Dear all,
I want to share some experience of upgrading my experimental 1-host
Ceph cluster from v13.2.0 to v13.2.1.
First, I fetched new packages and installed them using 'apt
dist-upgrade', which went smooth as usual.
Then I noticed from 'lsof', that Ceph daemons were not restarted after
the upgrade ('ceph osd versions' still showed 13.2.0).
Using instructions on Luminous->Mimic upgrade, I decided to restart
ceph-{mon,mgr,osd}.targets.
And surely, on restarting ceph-osd.target, iSCSI sessions had been
broken on tcmu-runner side ('Timing out cmd', 'Handler connection
lost'), and Windows (2008 R2) clients lost their iSCSI devices.
But that was only a beginning of surprises that followed.
Looking into Windows Disk Management, I noticed that iSCSI disks were
re-detected with size about 0.12 Gb larger, i.e. 2794.52 GB instead of
2794.40 GB, and of course the system lost their GPT labels from its
sight. I quickly checked 'rbd info' on Ceph side and did not notice any
increase in RBD images. They were still exactly 715398 4MB-objects as I
intended initially.
Restarting iSCSI initiator service on Windows did not help. Restarting
the whole Windows did not help. Restarting tcmu-runner on Ceph side did
not help. What resolved the problem, to my great surprise, was
_removing/re-adding MPIO feature and re-adding iSCSI multipath support_.
After that, Windows detected iSCSI disks with proper size again, and
restored visibility of GPT partitions, dynamic disk metadata and all the
rest.
Ok, I avoided data loss at this time, but I have some remaining questions :
1. Can Ceph minor version upgrades be made less disruptive and
traumatic? Like, some king of staged/rolling OSD daemons restart within
single upgraded host, without losing librbd sessions ?

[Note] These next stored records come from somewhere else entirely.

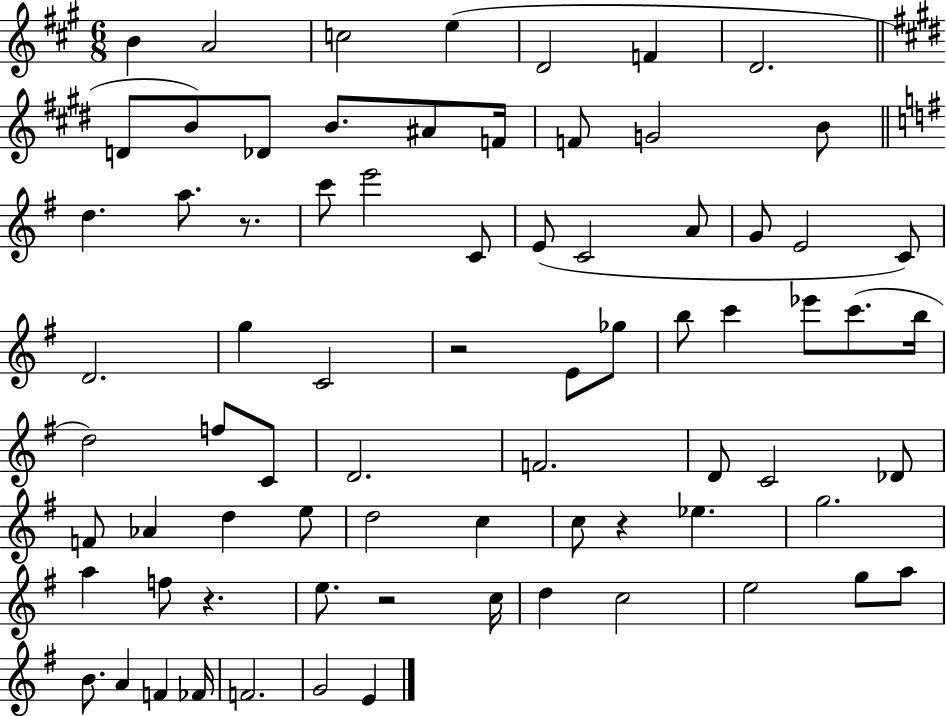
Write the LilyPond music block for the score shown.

{
  \clef treble
  \numericTimeSignature
  \time 6/8
  \key a \major
  b'4 a'2 | c''2 e''4( | d'2 f'4 | d'2. | \break \bar "||" \break \key e \major d'8 b'8) des'8 b'8. ais'8 f'16 | f'8 g'2 b'8 | \bar "||" \break \key g \major d''4. a''8. r8. | c'''8 e'''2 c'8 | e'8( c'2 a'8 | g'8 e'2 c'8) | \break d'2. | g''4 c'2 | r2 e'8 ges''8 | b''8 c'''4 ees'''8 c'''8.( b''16 | \break d''2) f''8 c'8 | d'2. | f'2. | d'8 c'2 des'8 | \break f'8 aes'4 d''4 e''8 | d''2 c''4 | c''8 r4 ees''4. | g''2. | \break a''4 f''8 r4. | e''8. r2 c''16 | d''4 c''2 | e''2 g''8 a''8 | \break b'8. a'4 f'4 fes'16 | f'2. | g'2 e'4 | \bar "|."
} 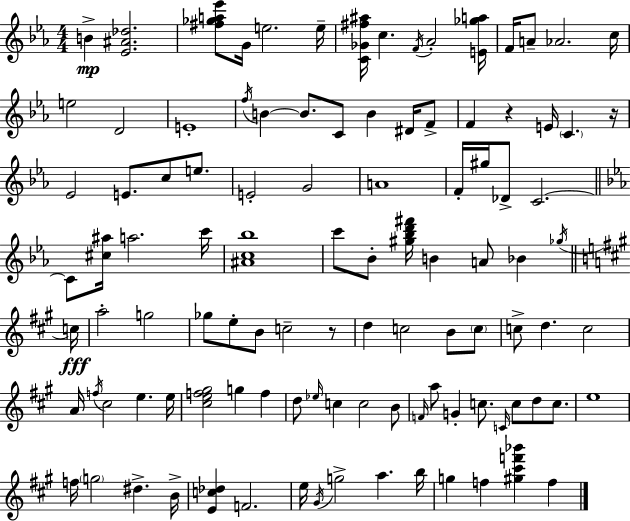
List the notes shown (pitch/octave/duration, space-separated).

B4/q [Eb4,A#4,Db5]/h. [F#5,Gb5,A5,Eb6]/e G4/s E5/h. E5/s [C4,Gb4,F#5,A#5]/s C5/q. F4/s Ab4/h [E4,Gb5,A5]/s F4/s A4/e Ab4/h. C5/s E5/h D4/h E4/w F5/s B4/q B4/e. C4/e B4/q D#4/s F4/e F4/q R/q E4/s C4/q. R/s Eb4/h E4/e. C5/e E5/e. E4/h G4/h A4/w F4/s G#5/s Db4/e C4/h. C4/e [C#5,A#5]/s A5/h. C6/s [A#4,C5,Bb5]/w C6/e Bb4/e [G#5,Bb5,D6,F#6]/s B4/q A4/e Bb4/q Gb5/s C5/s A5/h G5/h Gb5/e E5/e B4/e C5/h R/e D5/q C5/h B4/e C5/e C5/e D5/q. C5/h A4/s F5/s C#5/h E5/q. E5/s [C#5,E5,F5,G#5]/h G5/q F5/q D5/e Eb5/s C5/q C5/h B4/e F4/s A5/e G4/q C5/e. C4/s C5/e D5/e C5/e. E5/w F5/s G5/h D#5/q. B4/s [E4,C5,Db5]/q F4/h. E5/s G#4/s G5/h A5/q. B5/s G5/q F5/q [G#5,C#6,F6,Bb6]/q F5/q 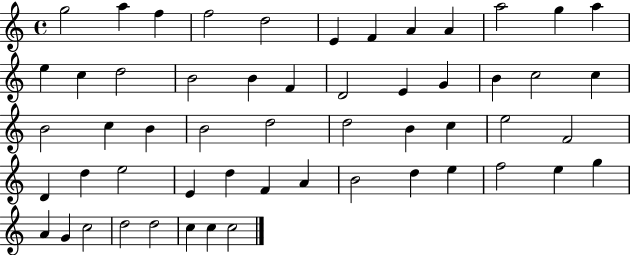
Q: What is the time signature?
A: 4/4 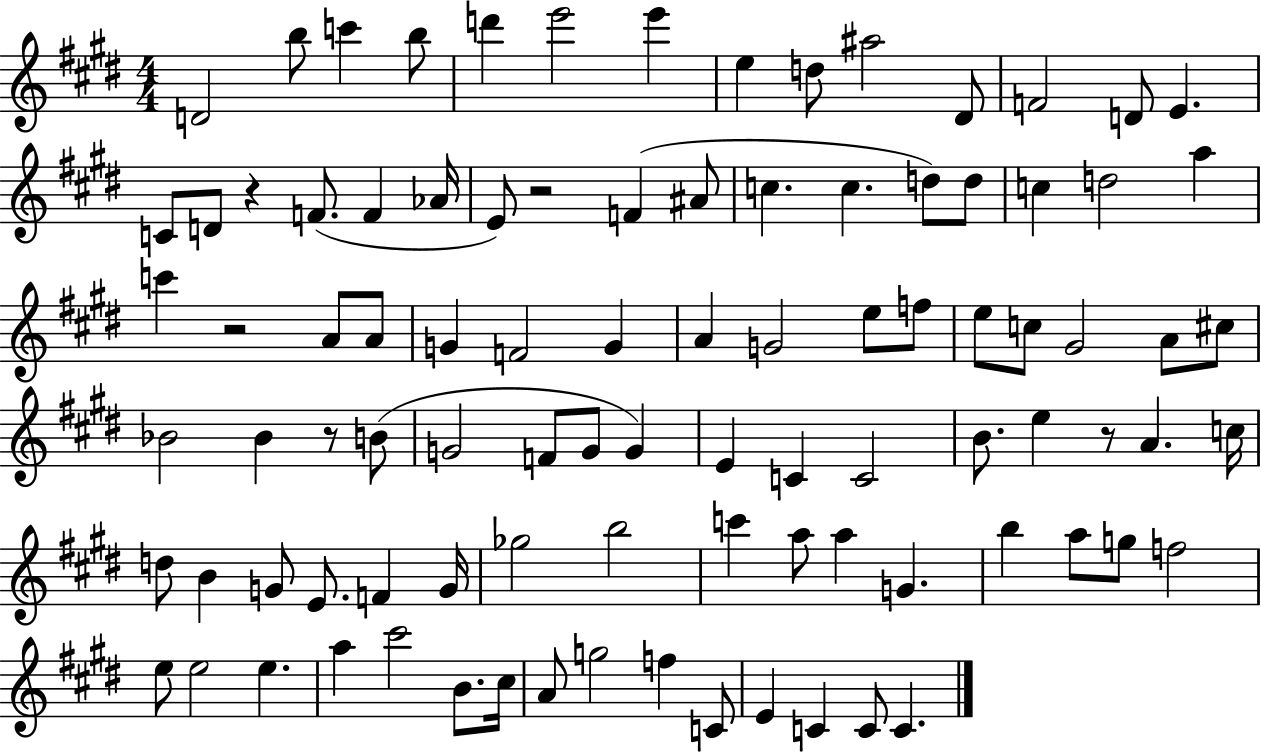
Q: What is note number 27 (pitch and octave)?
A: C5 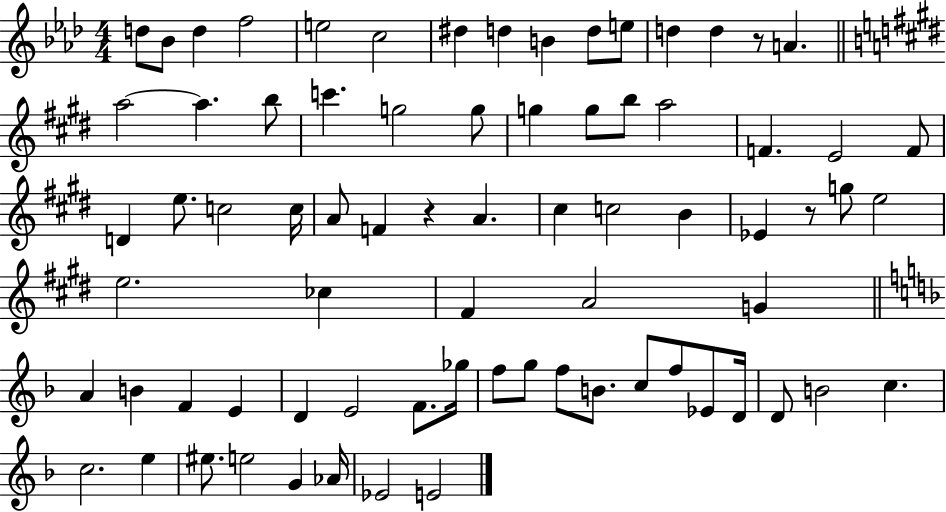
{
  \clef treble
  \numericTimeSignature
  \time 4/4
  \key aes \major
  d''8 bes'8 d''4 f''2 | e''2 c''2 | dis''4 d''4 b'4 d''8 e''8 | d''4 d''4 r8 a'4. | \break \bar "||" \break \key e \major a''2~~ a''4. b''8 | c'''4. g''2 g''8 | g''4 g''8 b''8 a''2 | f'4. e'2 f'8 | \break d'4 e''8. c''2 c''16 | a'8 f'4 r4 a'4. | cis''4 c''2 b'4 | ees'4 r8 g''8 e''2 | \break e''2. ces''4 | fis'4 a'2 g'4 | \bar "||" \break \key d \minor a'4 b'4 f'4 e'4 | d'4 e'2 f'8. ges''16 | f''8 g''8 f''8 b'8. c''8 f''8 ees'8 d'16 | d'8 b'2 c''4. | \break c''2. e''4 | eis''8. e''2 g'4 aes'16 | ees'2 e'2 | \bar "|."
} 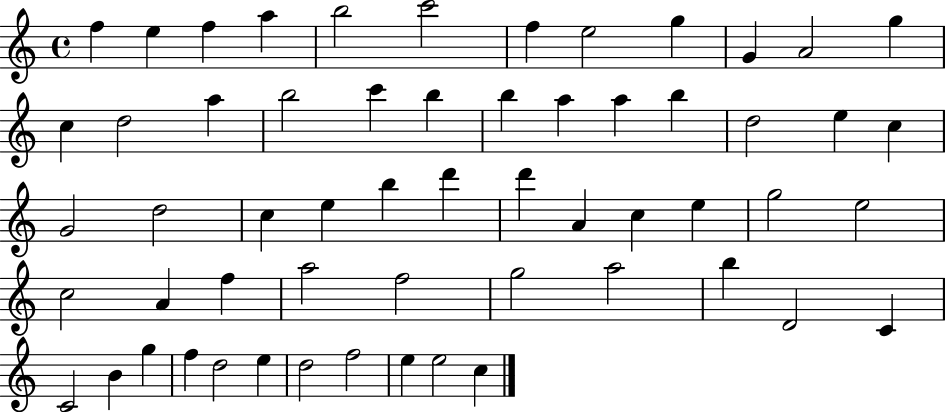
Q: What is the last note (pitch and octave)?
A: C5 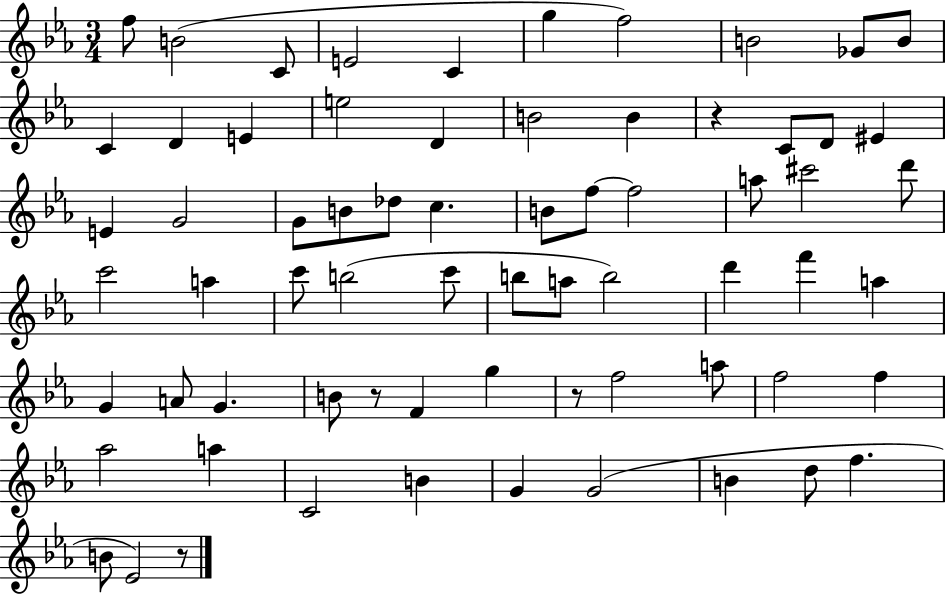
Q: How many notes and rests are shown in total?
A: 68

2. Is Windows (2008 R2) MPIO support really that screwed & crippled ?
Were there any improvements in Win2012/2016 ? I have physical servers
with Windows 2008 R2, and I would like to mirror their volumes to Ceph
iSCSI targets, then convert them into QEMU/KVM virtual machines where
the same data will be accessed with librbd. During my initial
experiments, I found that reinstalling MPIO & re-enabling iSCSI
multipath would fix most problems in Windows iSCSI access, but I would
like to have a faster way of resetting iSCSI+MPIO state when something
is going wrong on Windows side like in my case.
3. Anybody has an idea of where these 0.12 GB (probably 120 or 128 MB)
were taken from ?
Thank you in advance for your responses.